+++ Material shown

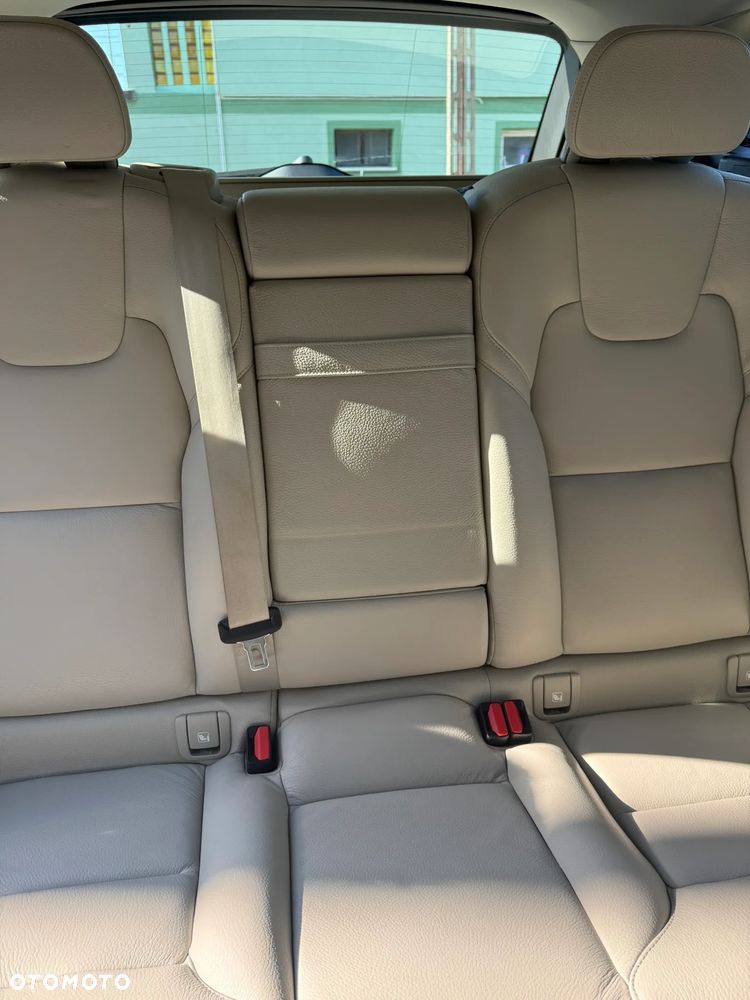 Volvo XC 60 D4 Inscription - 16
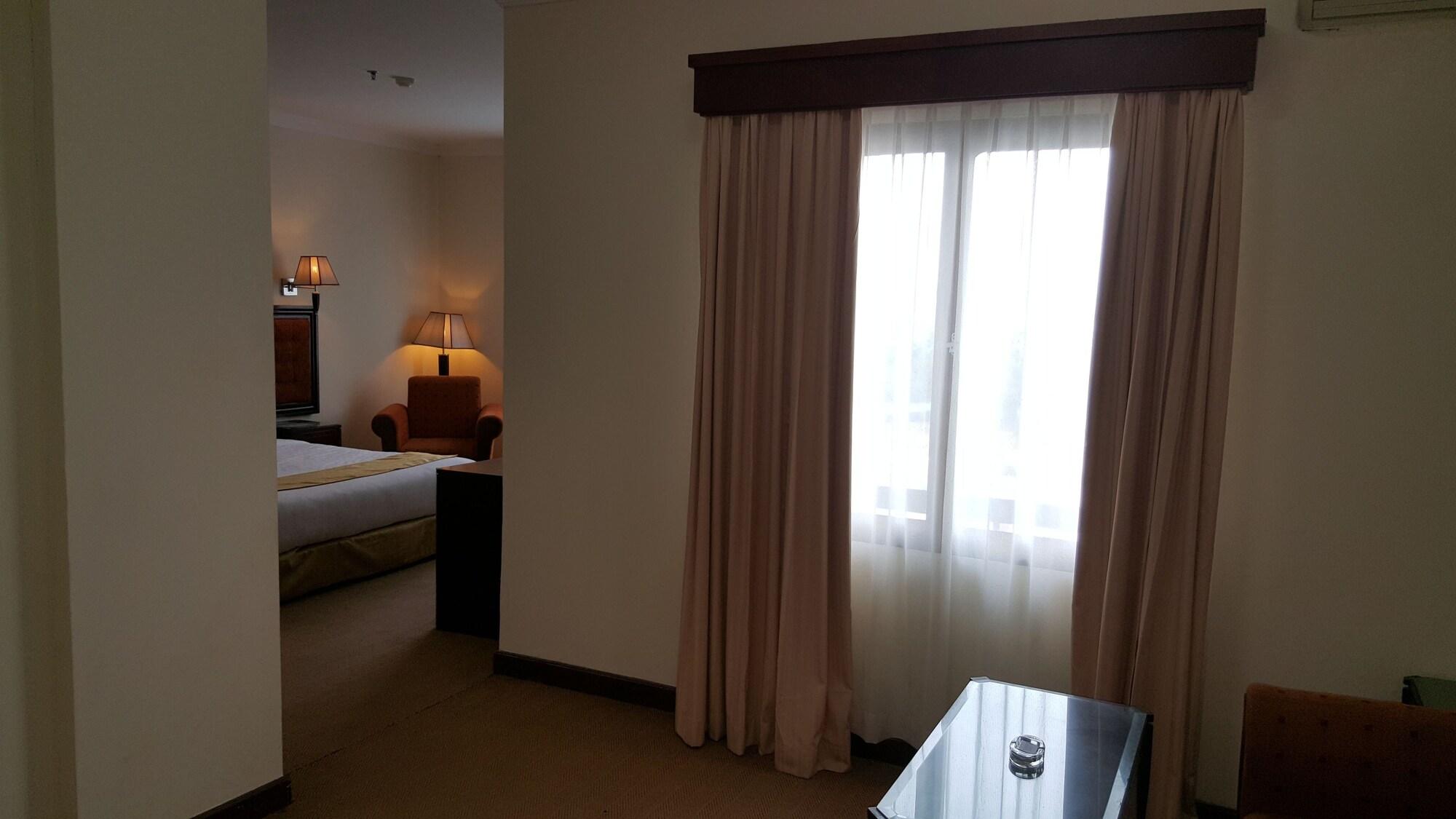 Harbourbay Amir Hotel Batam Exteriör bild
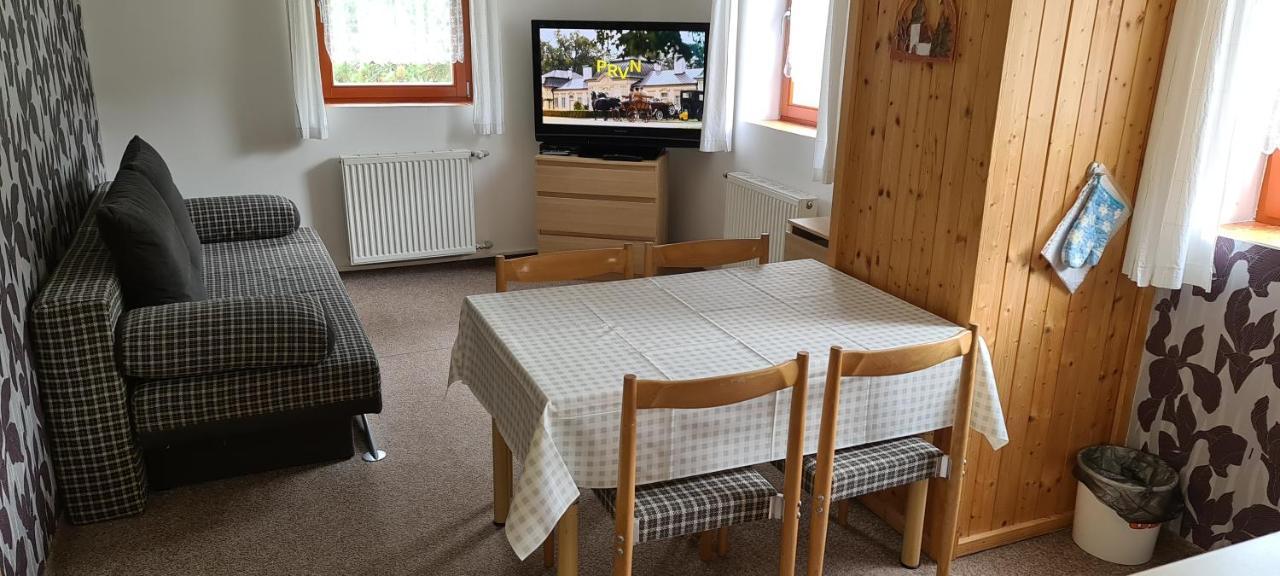 Apartmany Pony Ludvikov Bagian luar foto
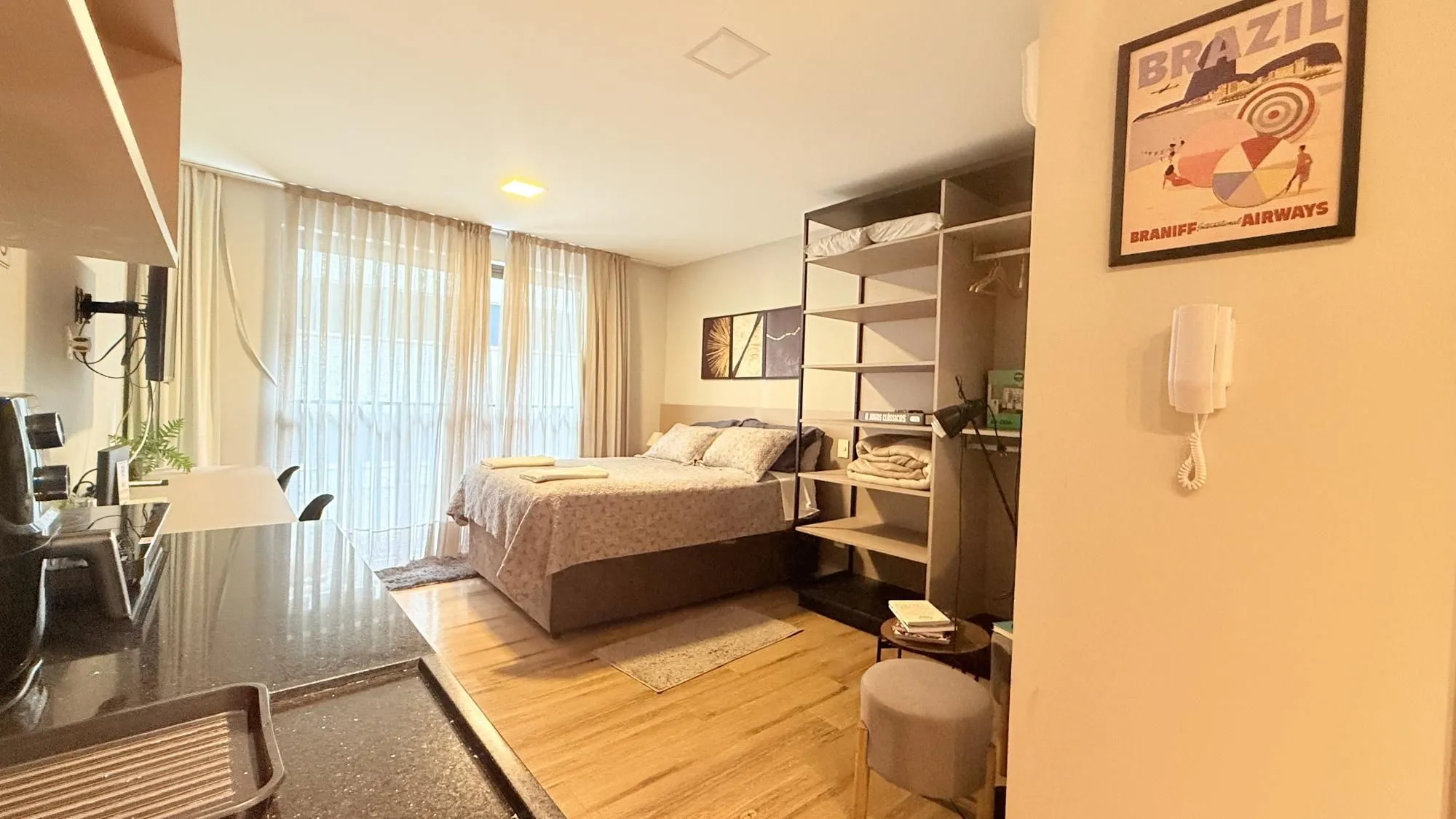 Imagem Excelente Apartamento à venda - R$588.800,00 - Bairro Auxiliadora / Porto Alegre -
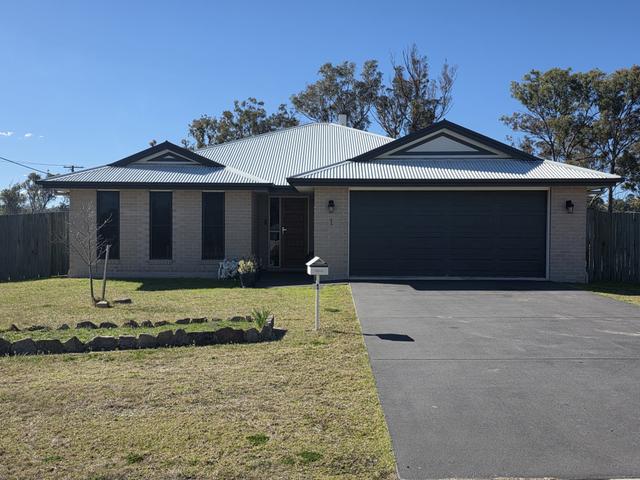 1 Lavena Court, QLD 4380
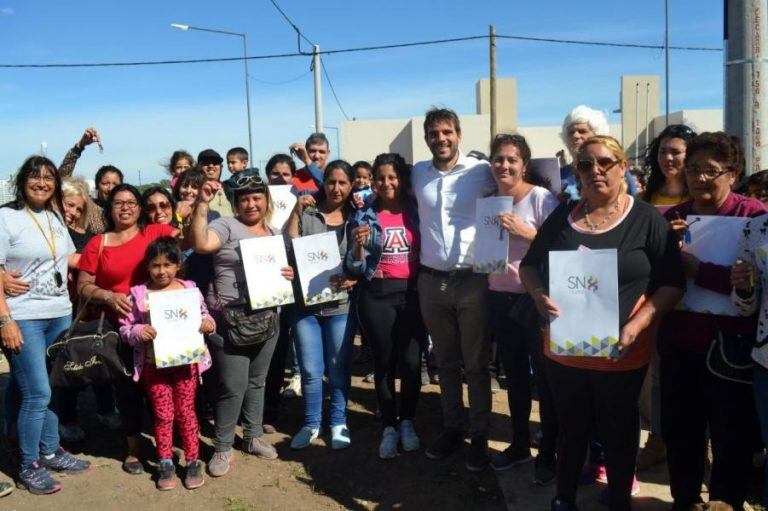 Entrega de viviendas a las familias de Villa Hermosa afectadas por las inundaciones. (Archivo)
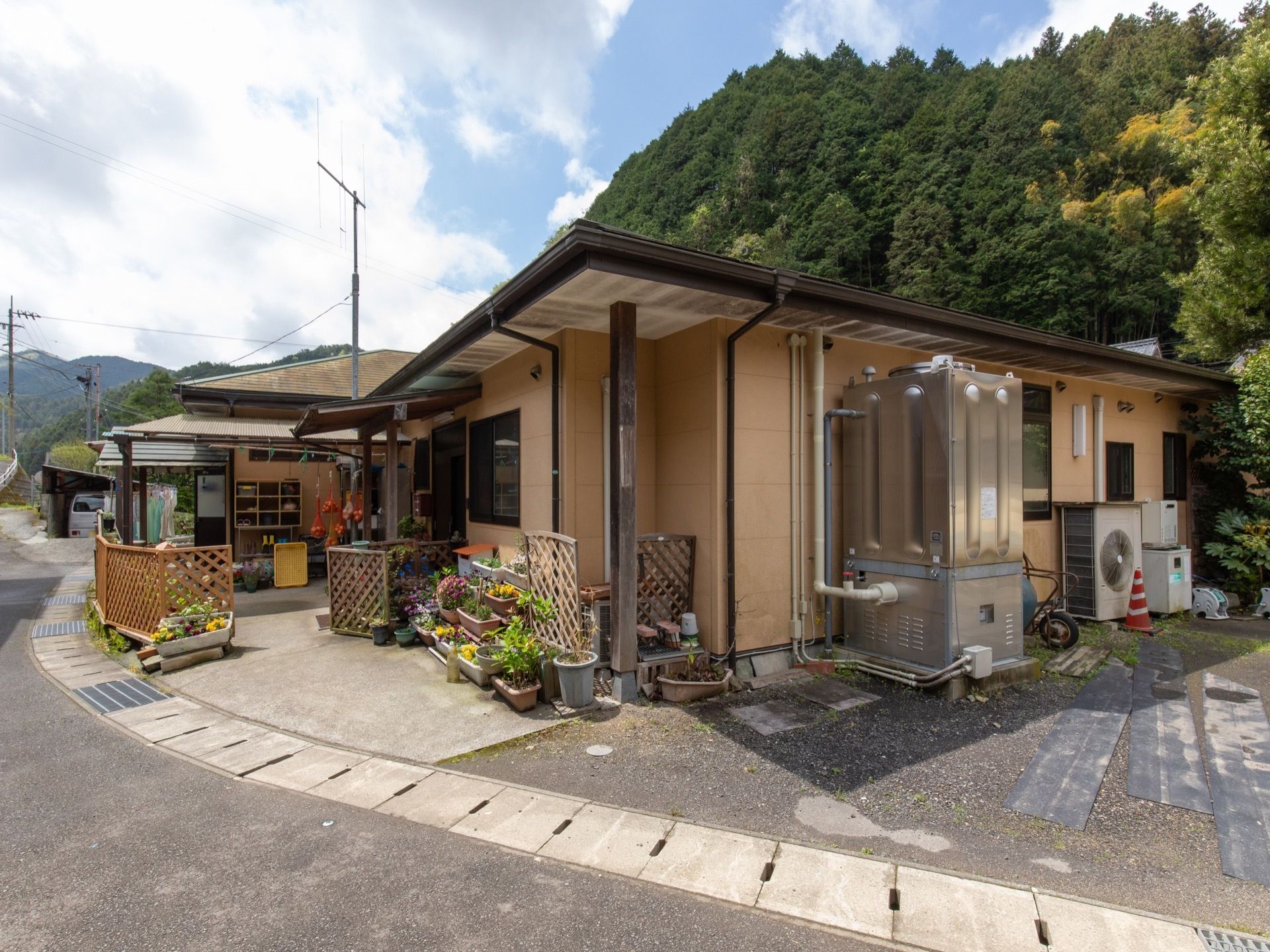 緑に囲まれた、１階建ての施設である。路面はアスファルト舗装されている。随所に季節の花が飾られている。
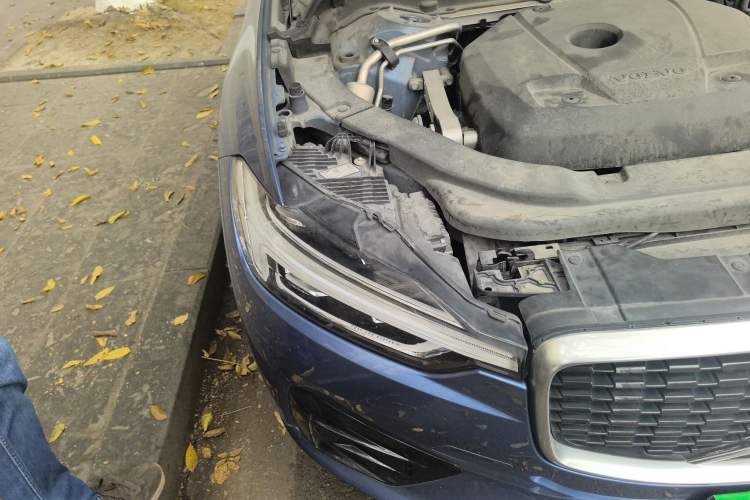 Used Volvo XC60 2018 T5 4x4 Smart & Sporty Edition
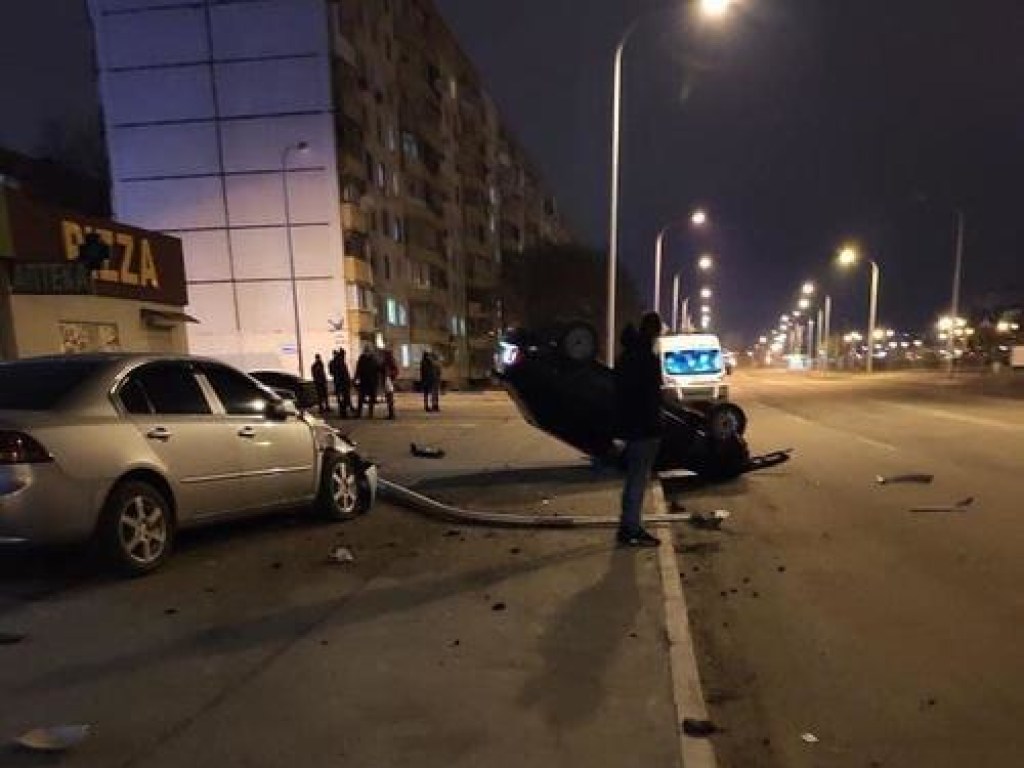 В Харькове в результате столкновения перевернулся ВАЗ и «уронил» столб на KIA (ФОТО)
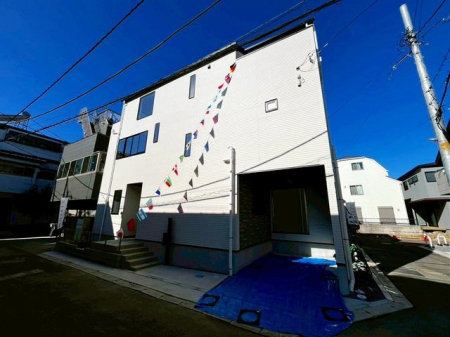 ��t���s��s���c4���ڂ̐V�z��ˌ��Ă̌��n�O�ώʐ^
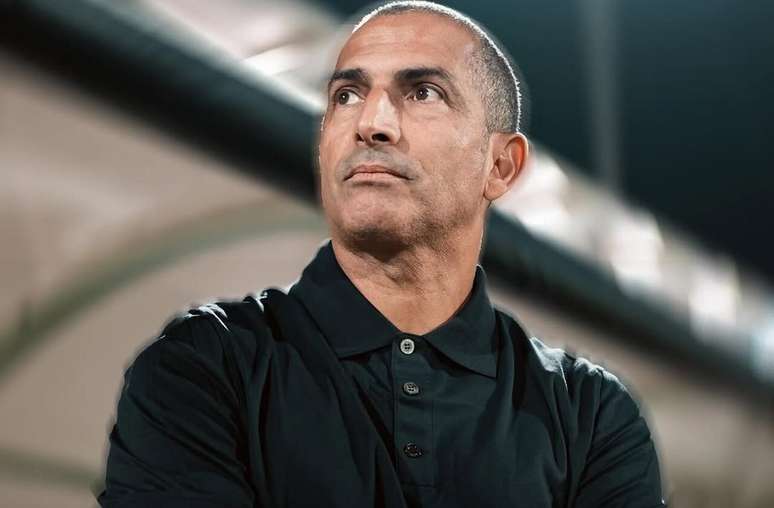 Sabri Lamouchi foi demitido da Tun&iacute;sia ap&oacute;s a derrota na estreia na Copa de 1998 &ndash;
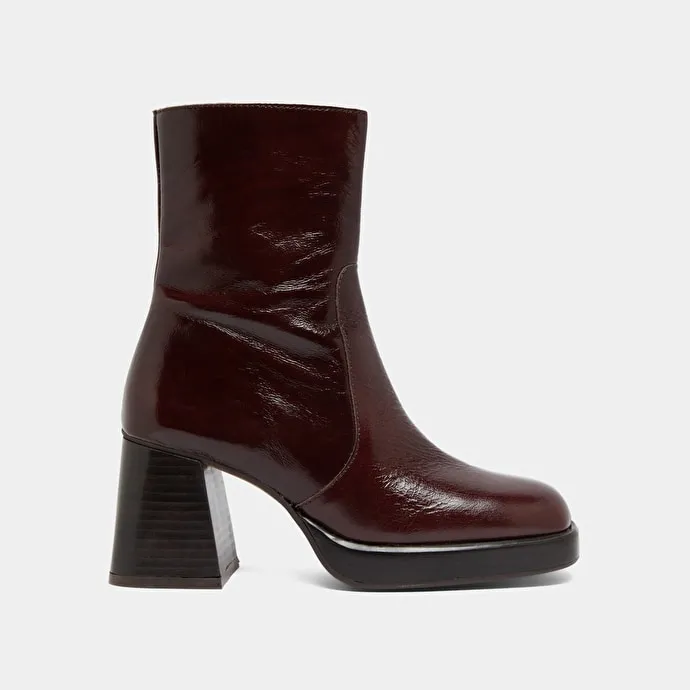 Ankle boots with platforms in dark brown shiny leather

++++++

● Problem description:
From the first line to the last, write out the data exactly, omitting any pictures.

● Response below:
 Volvo XC 60 D4 Inscription - 16
 Harbourbay Amir Hotel Batam Exteriör bild
 Apartmany Pony Ludvikov Bagian luar foto
 Imagem Excelente Apartamento à venda - R$588.800,00 - Bairro Auxiliadora / Porto Alegre -
 1 Lavena Court, QLD 4380
 Entrega de viviendas a las familias de Villa Hermosa afectadas por las inundaciones. (Archivo)
 緑に囲まれた、１階建ての施設である。路面はアスファルト舗装されている。随所に季節の花が飾られている。
 Used Volvo XC60 2018 T5 4x4 Smart & Sporty Edition
 В Харькове в результате столкновения перевернулся ВАЗ и «уронил» столб на KIA (ФОТО)
 ��t���s��s���c4���ڂ̐V�z��ˌ��Ă̌��n�O�ώʐ^
 Sabri Lamouchi foi demitido da Tun&iacute;sia ap&oacute;s a derrota na estreia na Copa de 1998 &ndash;
 Ankle boots with platforms in dark brown shiny leather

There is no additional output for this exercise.